I think I have the answer to why but just wanted to check my reasoning is right.

I was squaring the edges on a piece of EN32B 100mm square and 6mm thick. All went well and the finish was fine, then I noticed the edges were not square to the face. i.e. the 6mm edge to the 100mm face. I worked out the mill had undercut the sides at about 2 degrees.

The setup was. The piece was held in the vice on parallels with the working side to the right. This meant swarf was thrown backwards and conventional cuts were from front to back. The 12mm 4 flute cutter was in an R8 collet and was running at 800RPM. I was taking 0.4mm to 0.5mm conventional cuts.

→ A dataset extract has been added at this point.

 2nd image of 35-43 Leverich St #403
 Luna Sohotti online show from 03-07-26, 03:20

I know my SX3 can cut square as I had just finished making some parallels and used the same setup to trim the ends. But that was using a 14mm cutter and running at 1600RPM.

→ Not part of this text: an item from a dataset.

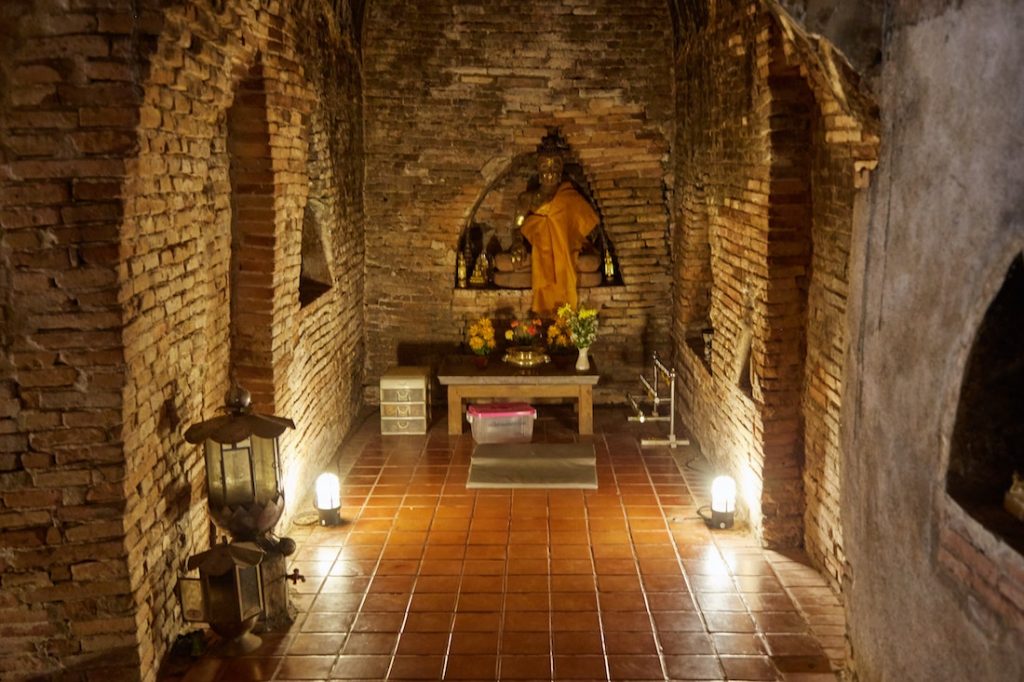 Wat Umong Chiang Mai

I had used the speed indicated in Tubal Cain's Model Engineer's Handbook. Group D in table A on page 5.14 to find the 1600RPM. But I was not sure about running so fast and had calculated 800RPM from the 80ft/min figure given on page 5.15. I have since re-read and think I have too high RPM.

Feed was about 140mm/min.

I checked the head trimming, about 0.015mm over 200mm. I checked the surface of the parallels in the vice and they were similar. So the workpiece was flat and the head square.

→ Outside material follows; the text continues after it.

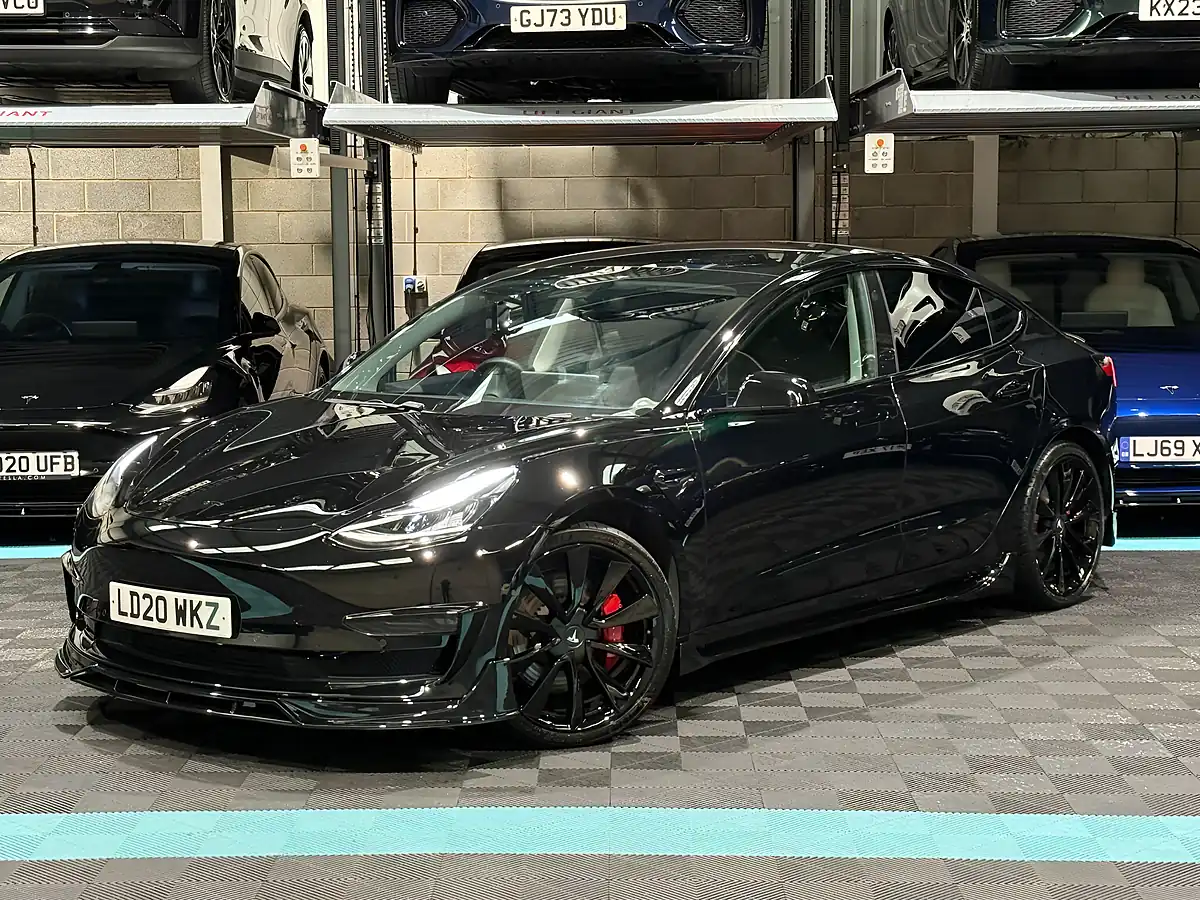 Used 2020 Tesla Model 3 Performance Black - Interior and Exterior details 5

Then to find the problem I tried squaring the end of a 40x6mm bar.

Same result;

  • Using conventional or climb cuts.
  • Using a brand new different make cutter.
  • For 0.1mm cuts, and less undercut under this.
  • Repeating the same cut without moving the X removed 1/2 of the slope. I.E only cut the top 3mm of the bar.
  • To rule out the R8 collet I tried an ER collet, but the same result.

I then tried changing the speed, running it at 1600RPM I get square cuts even with a 0.5mm cut.

I can understand that a tool is pushed away on a deep cut and hence the need for a spring cut, what stumps me is the undercut.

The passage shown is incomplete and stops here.